WORK TO BE COMPLETED:
An exact reproduction of the data below is expected, free of images.

DATA PROVIDED:
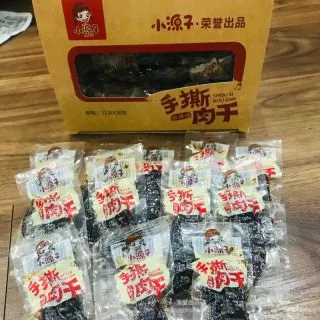 1 Hộp 30 Gói Bò Khô Cay Tứ Xuyên (gói 12g)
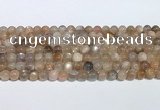 CMS2010 15.5 inches 6mm round moonstone gemstone beads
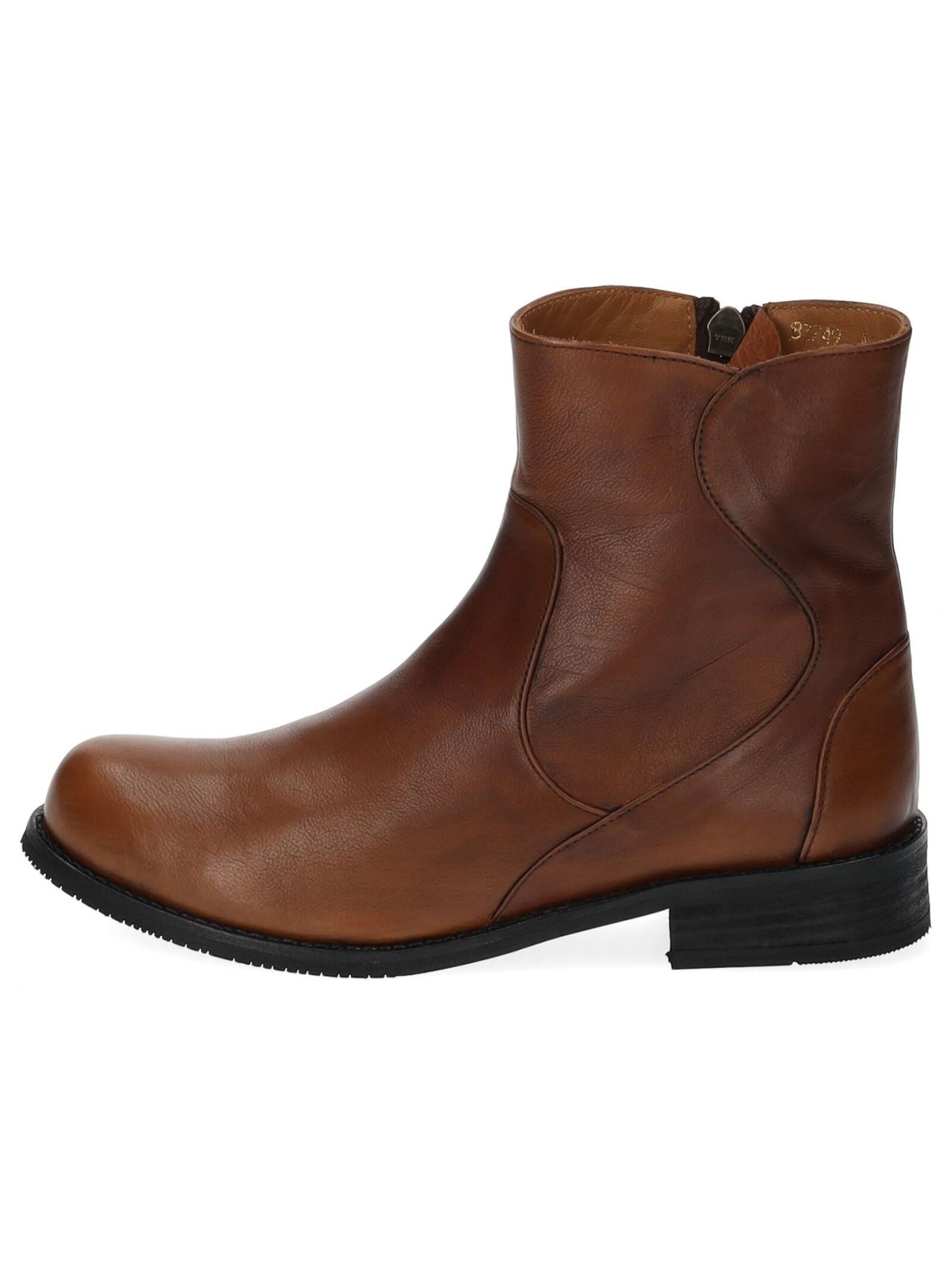 Everybody Everybody Stiefelette Glattleder Schnürstiefelette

TASK ANSWER:
 1 Hộp 30 Gói Bò Khô Cay Tứ Xuyên (gói 12g)
 CMS2010 15.5 inches 6mm round moonstone gemstone beads
 Everybody Everybody Stiefelette Glattleder Schnürstiefelette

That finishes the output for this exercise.